Parece uma quarta-feira de cinzas sem ressaca. As pessoas retomando suas rotinas, mas não estávamos de carnaval durante estes últimos meses. Nem vivemos um delírio coletivo. Não foi feriado nacional e muito menos teremos o desfile dos campeões. A humildade dos sobreviventes deve não ter a audácia de ofender aos que ainda estão tomando fôlego. Precisaremos ter discernimento para poder atravessar os próximos meses.
Wi-fi da emoção
Os mais otimistas já se confortam vislumbrando a vacina e os subterfúgios de alegria que a reabertura proporciona. Outros apagam a luz do quarto para aguardar a segunda onda e se preparam para uma nova ameaça pandêmica.

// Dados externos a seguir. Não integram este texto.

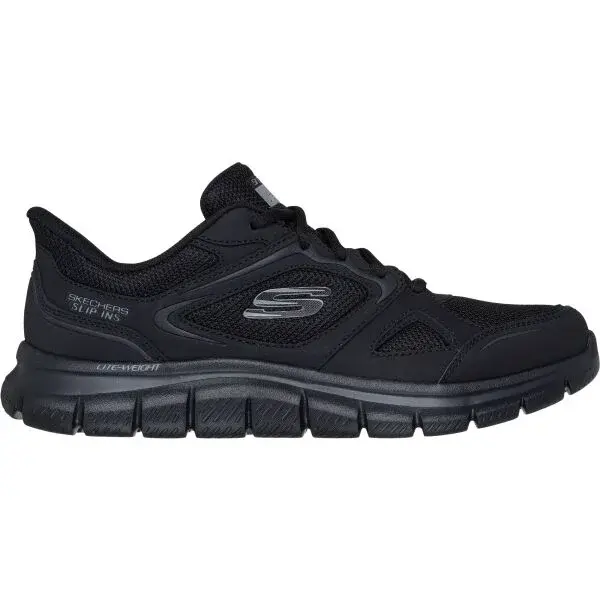 Skechers TRACK Pánske športové tenisky, čierna, veľkosť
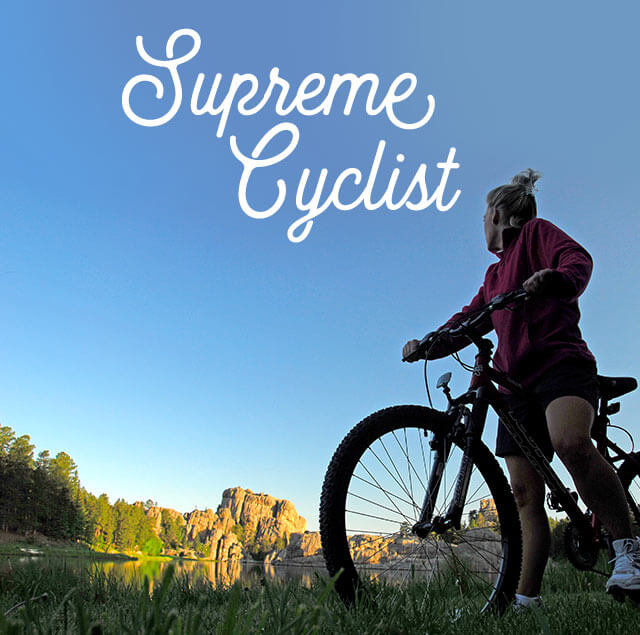 Supreme Cyclist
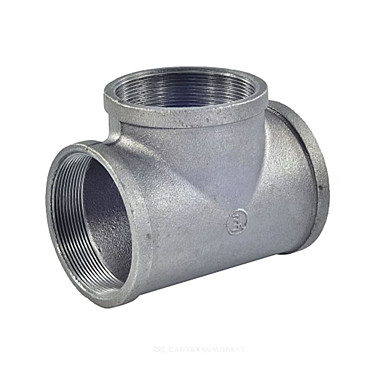 Тройник чугун ДУ20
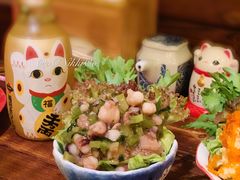 芥末章鱼-西村居酒屋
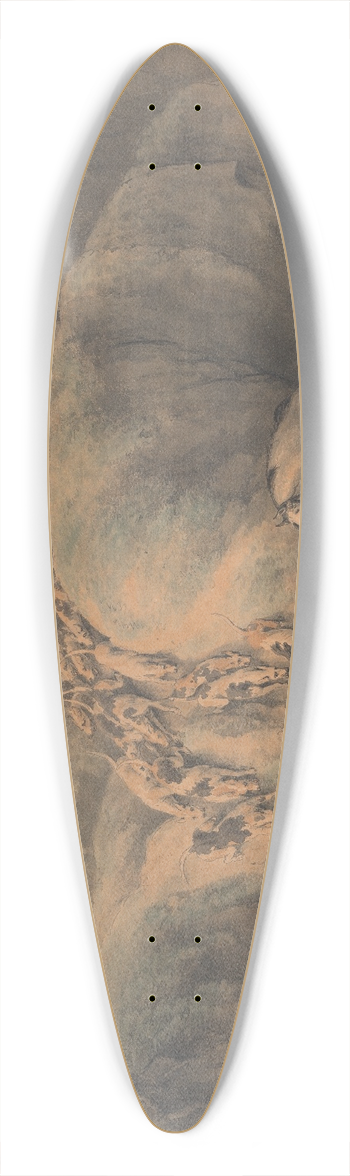 Samuel Howitt - The Kill 39.3 inch art pintail longboard deck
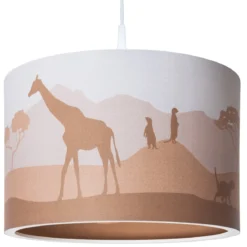 Elobra 139608 Hängeleuchte Scandi Savanne sand orange E27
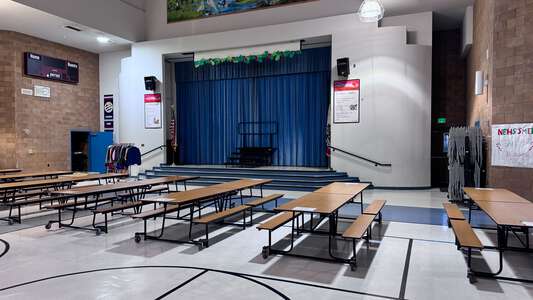 Stone Lake Elementary School Multi Purpose Room in Elk Grove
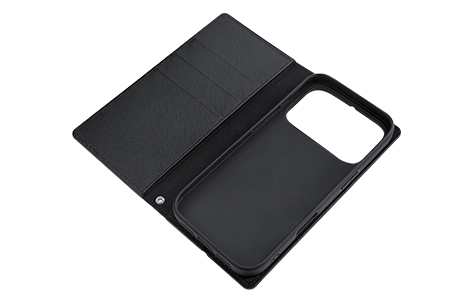�yau����ziPhone 18 Pro�p MagSafe�Ή� �u�b�N�^�C�v�P�[�X�^�u���b�N
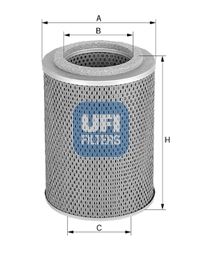 Filtr oleju UFI 25.455.00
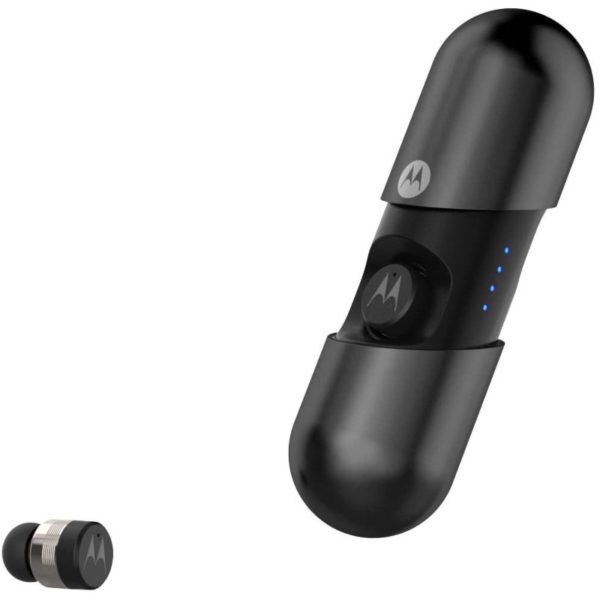 Motorola VERVE BUDS 400 Black True wireless αδιάβροχα ασύρματα Bluetooth ακουστικά - Image 2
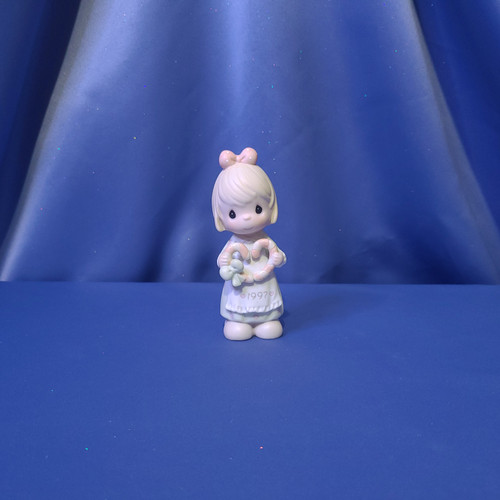 Precious Moments "Cane You Join Us for A Merry Christmas" Figurine by Enesco.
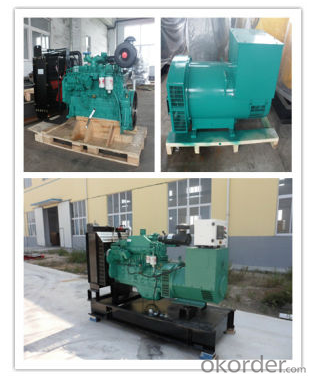 Open/Soundproof/moveable Diesel Generator Set from 10kva to 1000kva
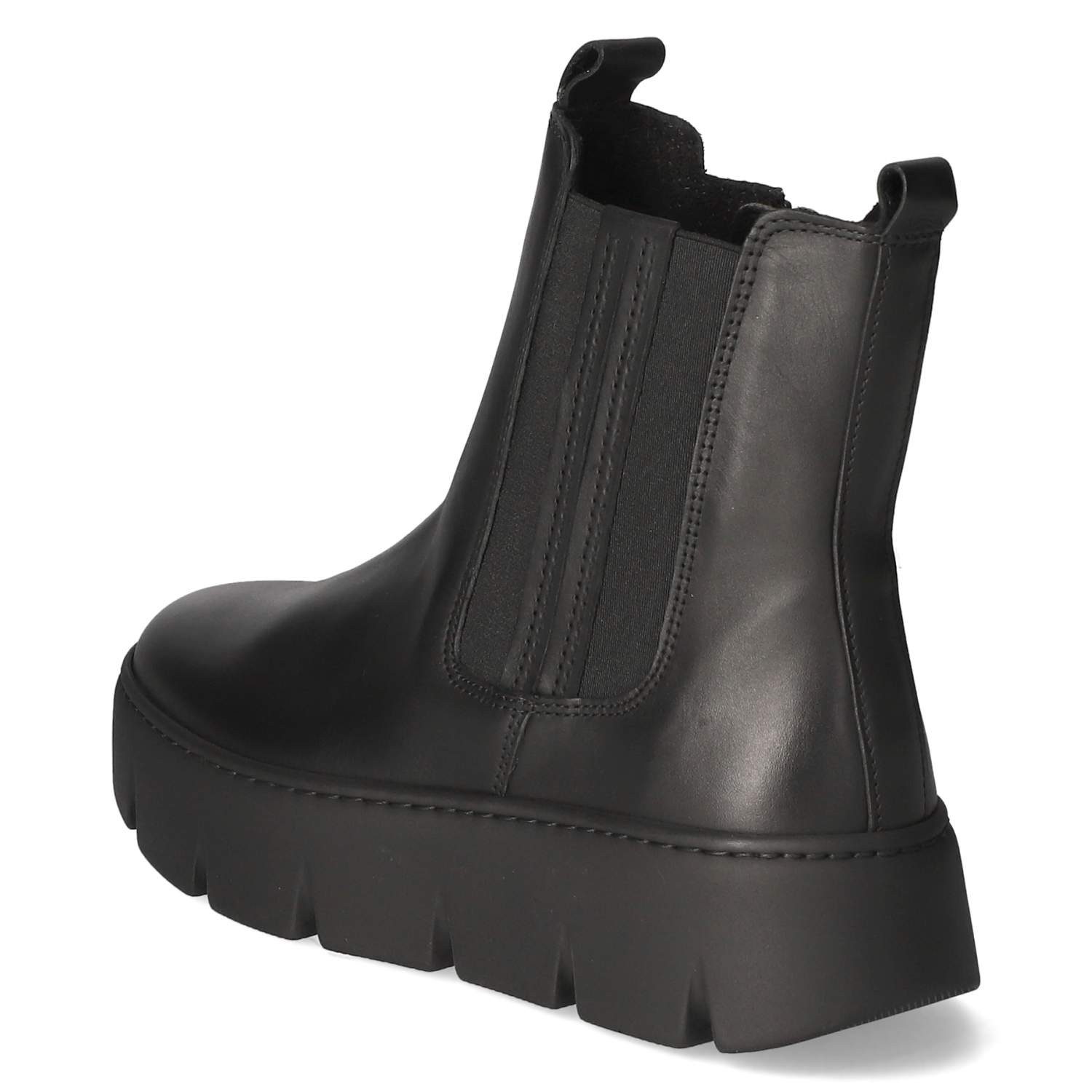 Gabor Gabor Chelsea Boots 73.743.27 Damen Glattleder black Schlupfstiefel – Bild 3 von 5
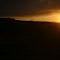 Sunset over the Crazy Mountains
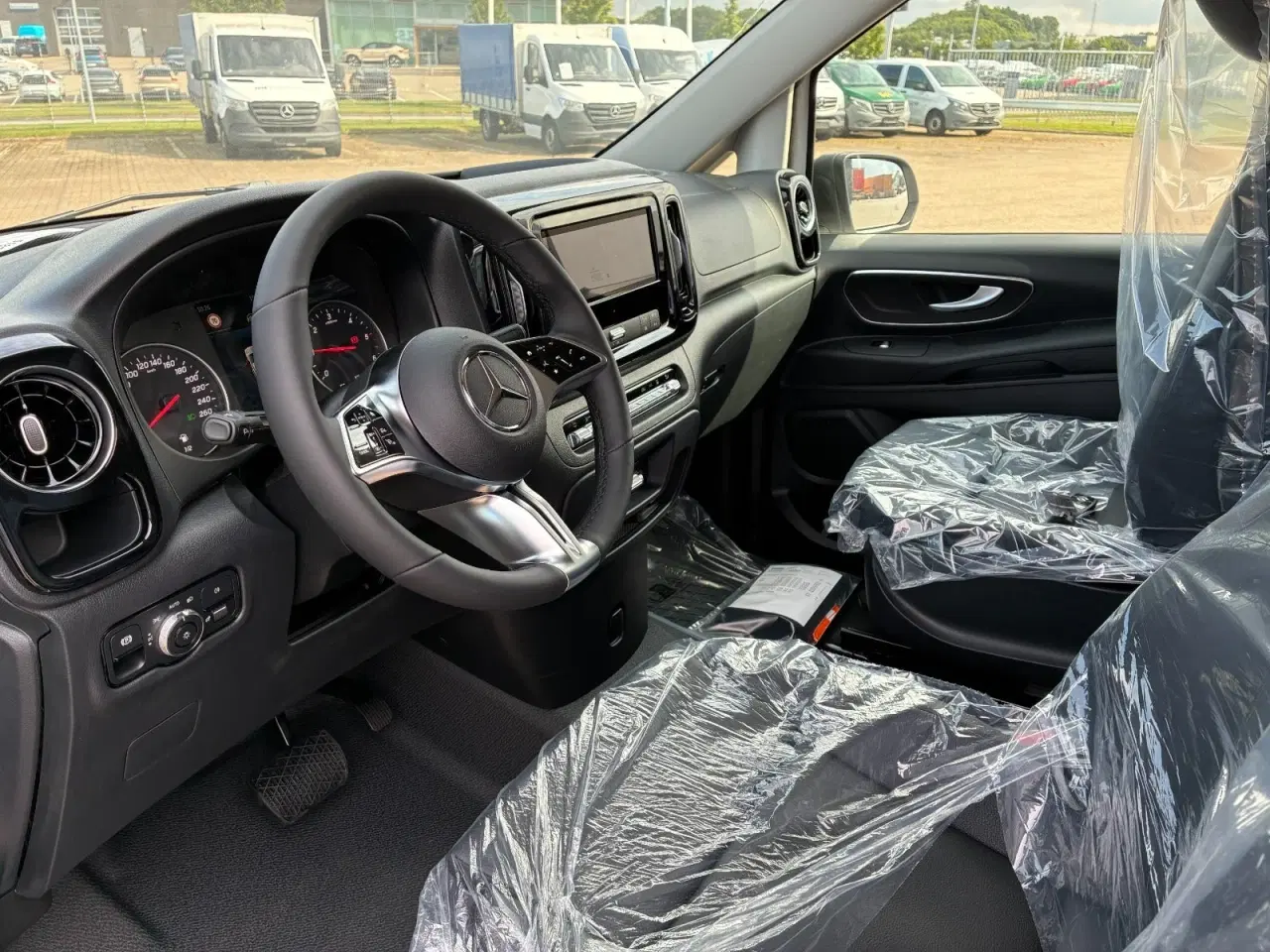 Billede 3 - Mercedes Vito 114 2,0 CDi A3 Kassevogn SELECT aut. RWD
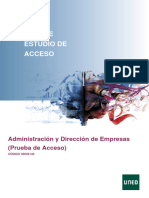 Administracion y Dirección de Empresas PA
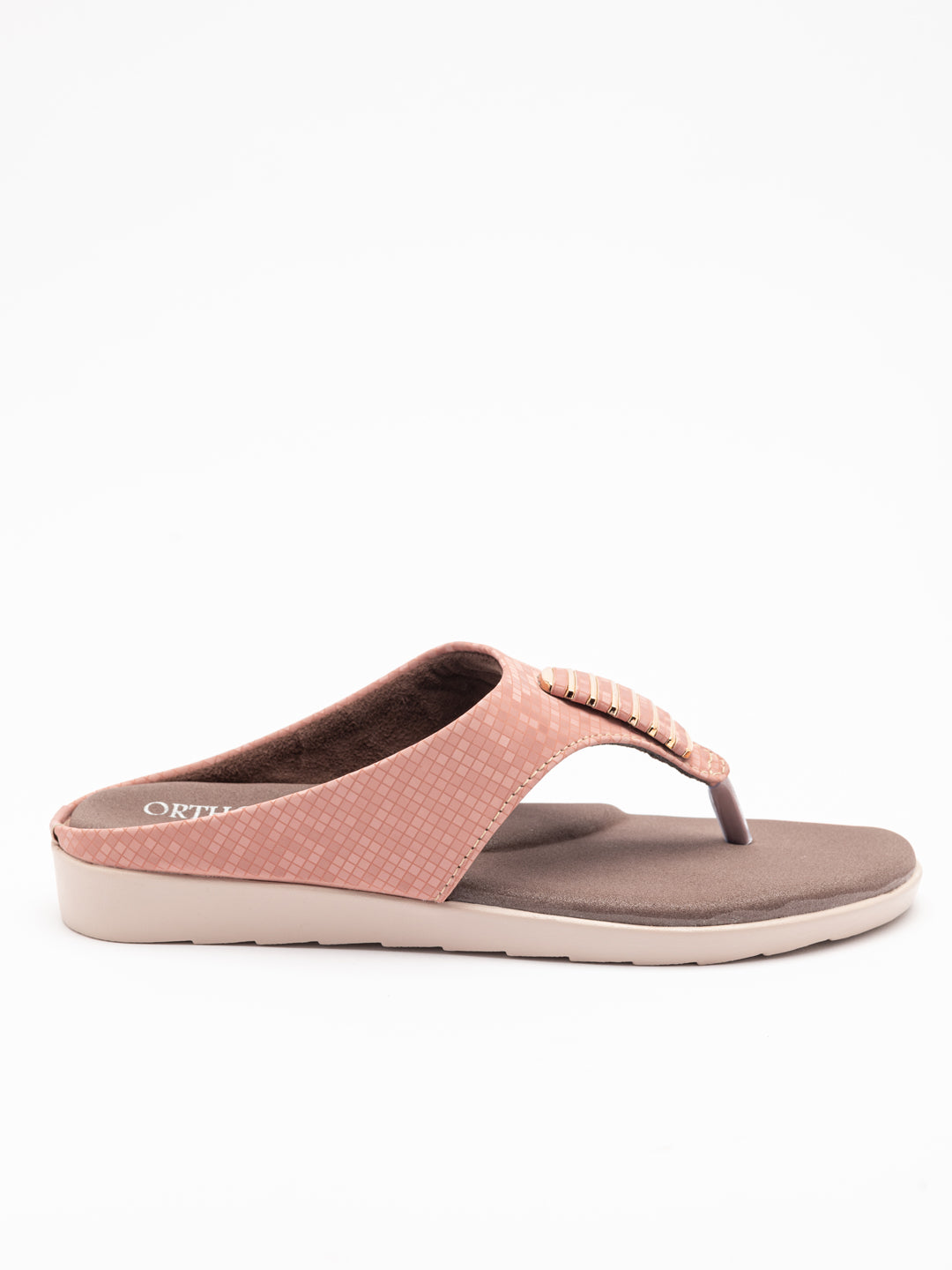 ORTHO TREND Women's Flats Ortho comfort-Light weight Flats Comfortable & Daily use-PINK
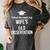 EDD Doctor Of Education EdD Wife Doctorate Graduation Women's Comfort Colors T-Shirt Pepper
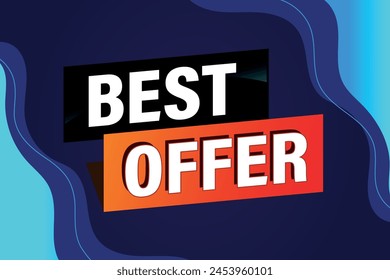 best offer poster banner graphic design icon logo sign symbol social media website coupon

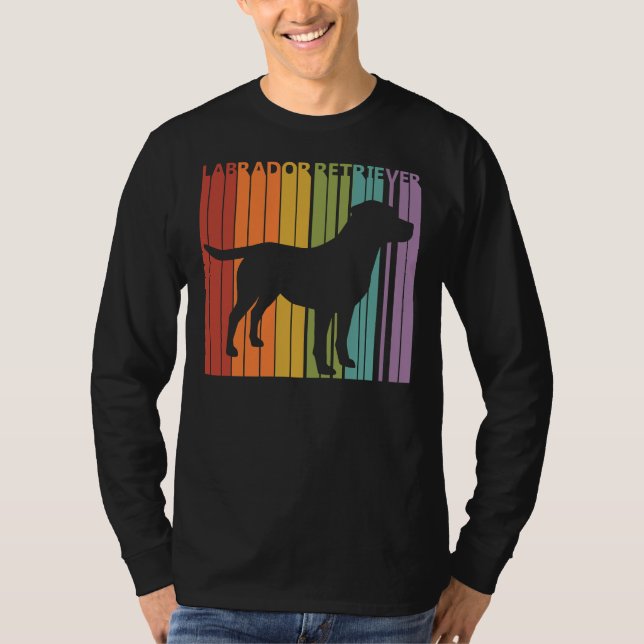 T-shirt Labrador Retriever 21 (Devant)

E tem os que prosseguem de home office, homescholling e esperem aí que vou finalizar aqui mais uma call. Quem está certo? Aquele coerente consigo próprio que não esteja baforando em ninguém na rua.
A satisfação pode ser uma medida da gratidão. Esta última tão famosa, nos últimos tempos, deverá permear cada possibilidade de experiência que nos for possível. Embarque, na alegria da reabertura, sem esquecer aquela pessoa que pediu ao papai do céu piedade quando se viu acuado em março. Não apague o que todas as incertezas despertaram de novos sonhos e acalantou que o necessário está dentro e não fora. Saia de casa, mas não esqueça o “casaco” da empatia e o “guarda-chuva” da gentileza.
Rio de Janeiro, 22 de julho de 2020.